Starring Jennifer Lawrence, Josh Hutcherson, Liam Hemsworth, Woody Harrelson, Elizabeth Banks, Lenny Kravitz, Philip Seymour Hoffman, Jeffrey Wright, Stanley Tucci, Donald Sutherland, Toby Jones, Sam Claflin, Jena Malone, Lynn Cohen, Amanda Plummer, Meta Golding, Bruno Gunn, Alan Ritchson, Stephanie Leigh Schlund, E. Roger Mitchell, Maria Howell, Elena Sanchez, Bobby Jordan, John Casino, Willow Shields, Paula Malcomson, Patrick St. Esprit, Stef Dawson, Jack Quaid.
Written by Simon Beaufoy and Michael Arndt, based on the novel "Catching Fire" by Suzanne Collins.
Directed by Francis Lawrence.
I liked, but did not love the 2012 film adaptation of Suzanne Collins' The Hunger Games and thought it didn't warrant all the hype it got. You often get that whenever a movie version of a beloved book hits the big screen. More often than not, the movies don't capture the essence of the literary source, leaving disheartened book fans and befuddled moviegoers.
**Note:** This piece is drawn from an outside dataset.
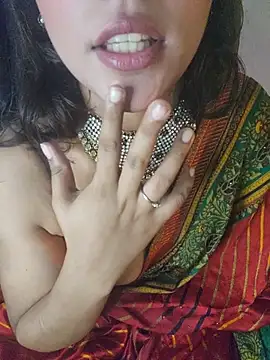 callmeshreya webcam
Despite the tepid reviews, The Hunger Games cleaned up at the box office, ushering in the resulting sequel The Hunger Games: Catching Fire. When your first installment of a film series makes a lot of money, you also get the luxury of a bigger budget, which manifests itself quite effectively in Catching Fire.
Jennifer Lawrence returns as Katniss Everdeen, the victorious co-winner of the 74th Hunger Games, along with Josh Hutcherson as Peeta Mullark, her companion representative from the Panem (future America) mining community of District 12. The story picks up with President Snow (Donald Sutherland) still bristling over Katniss' act of defiance, which allowed for the first ever draw in the Hunger Games – a sporting event/reality TV show that keeps the masses entertained as their totalitarian government quietly represses them. Part of the Katniss/Peeta game strategy was to fake a romance that made them into media darlings, despite Katniss' feelings for Gail (Liam Hemsworth).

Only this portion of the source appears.